**Task to complete**
Restate the listing word for word; omit the images.

[Data for review]

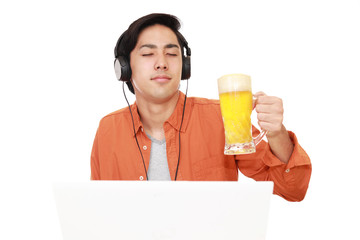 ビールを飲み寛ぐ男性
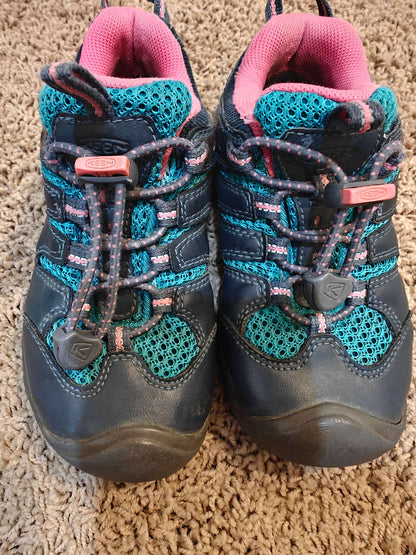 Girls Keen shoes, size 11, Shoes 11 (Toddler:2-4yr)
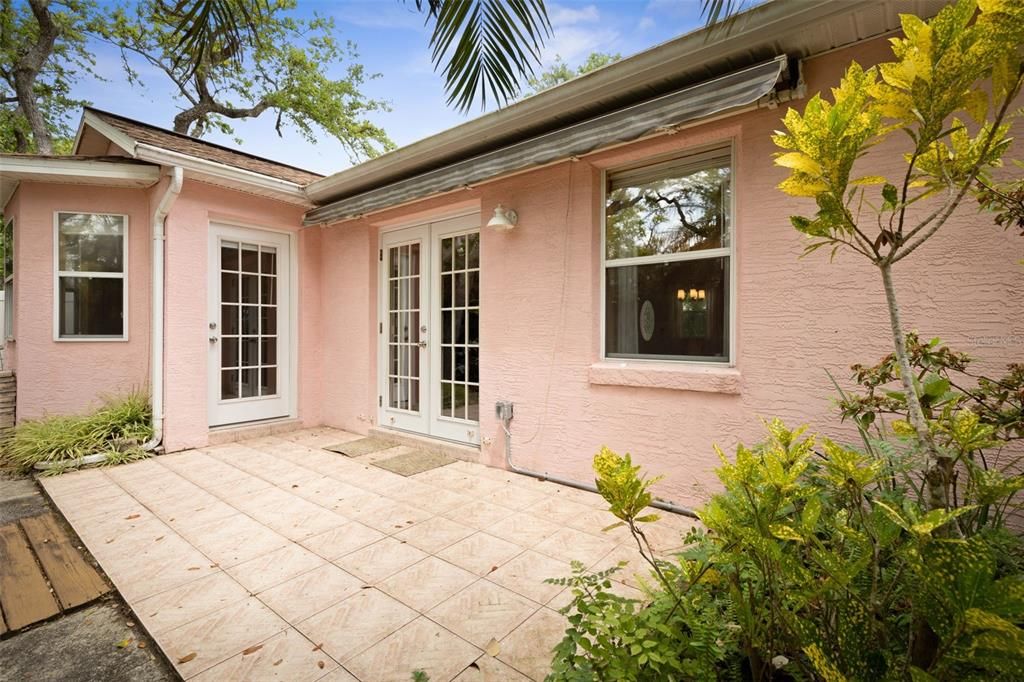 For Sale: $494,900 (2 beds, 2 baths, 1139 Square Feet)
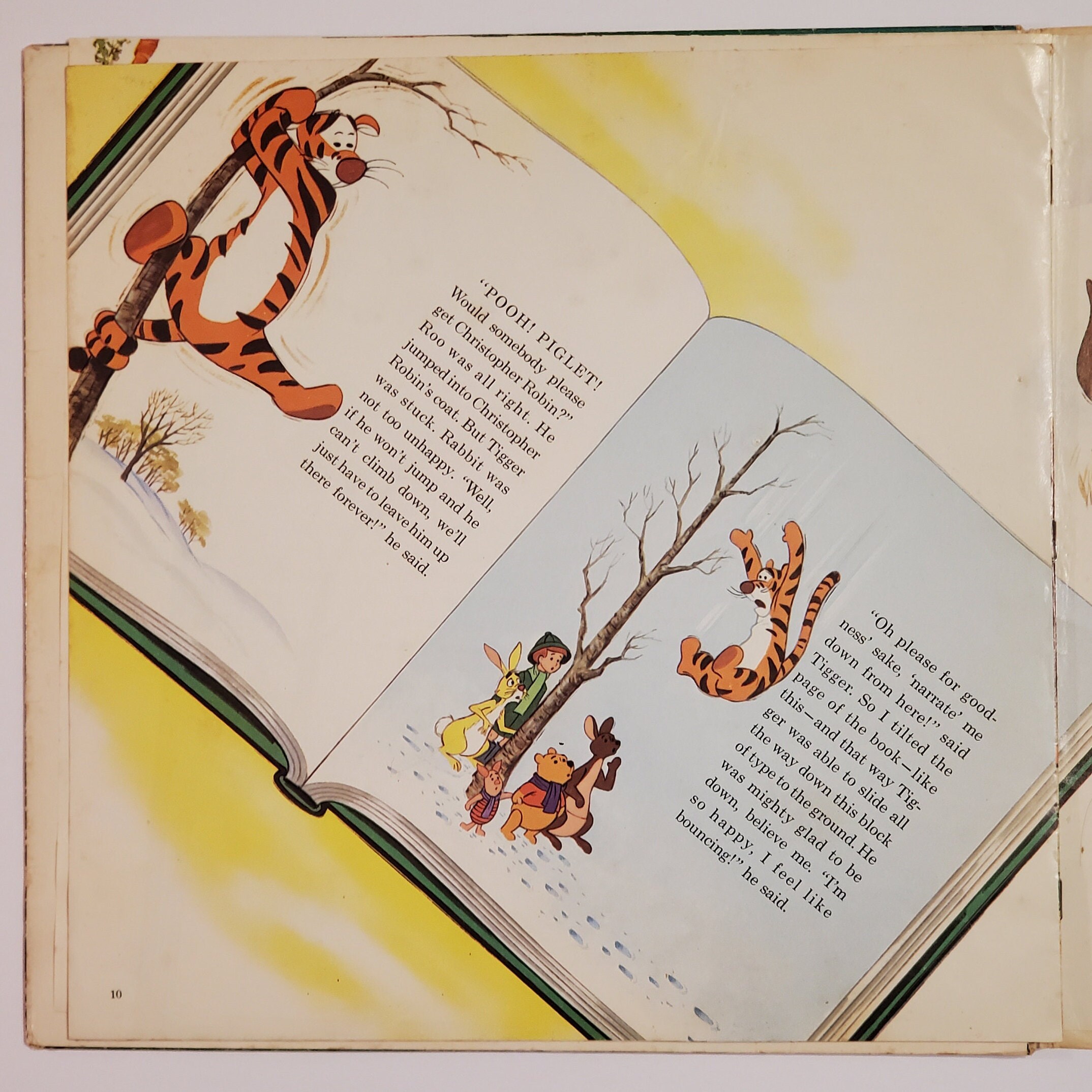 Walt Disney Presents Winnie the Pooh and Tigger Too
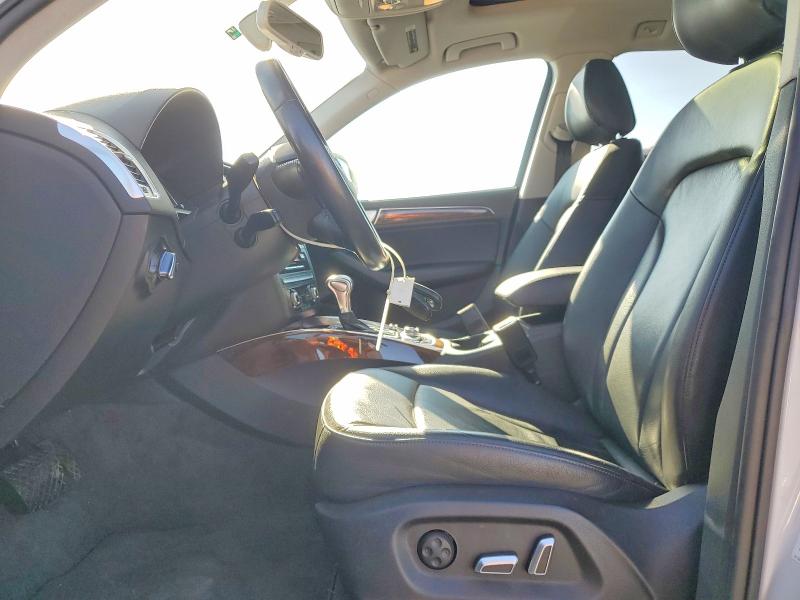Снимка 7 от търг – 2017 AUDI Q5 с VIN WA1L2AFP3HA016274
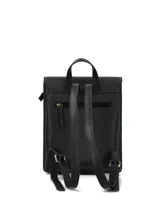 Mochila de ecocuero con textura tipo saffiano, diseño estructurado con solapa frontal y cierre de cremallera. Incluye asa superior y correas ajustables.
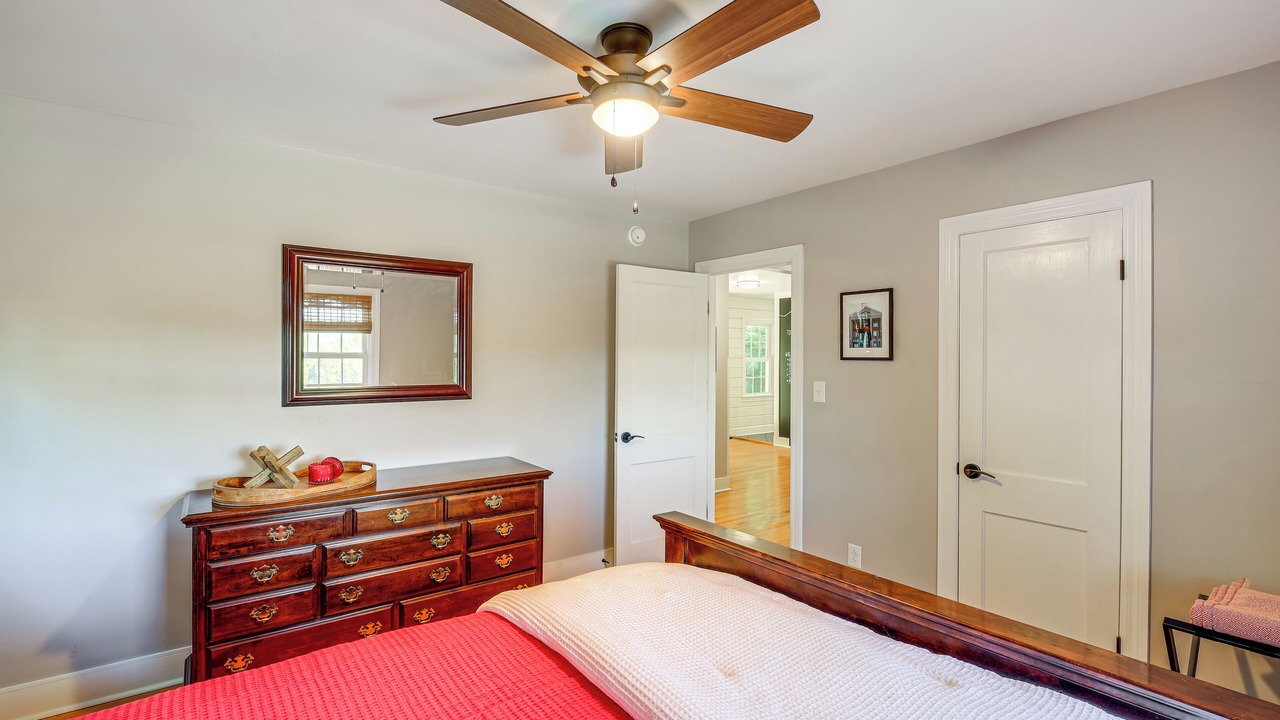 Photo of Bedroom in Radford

[/Data for review]

**Answer area**
 ビールを飲み寛ぐ男性
 Girls Keen shoes, size 11, Shoes 11 (Toddler:2-4yr)
 For Sale: $494,900 (2 beds, 2 baths, 1139 Square Feet)
 Walt Disney Presents Winnie the Pooh and Tigger Too
Снимка 7 от търг – 2017 AUDI Q5 с VIN WA1L2AFP3HA016274
 Mochila de ecocuero con textura tipo saffiano, diseño estructurado con solapa frontal y cierre de cremallera. Incluye asa superior y correas ajustables.
 Photo of Bedroom in Radford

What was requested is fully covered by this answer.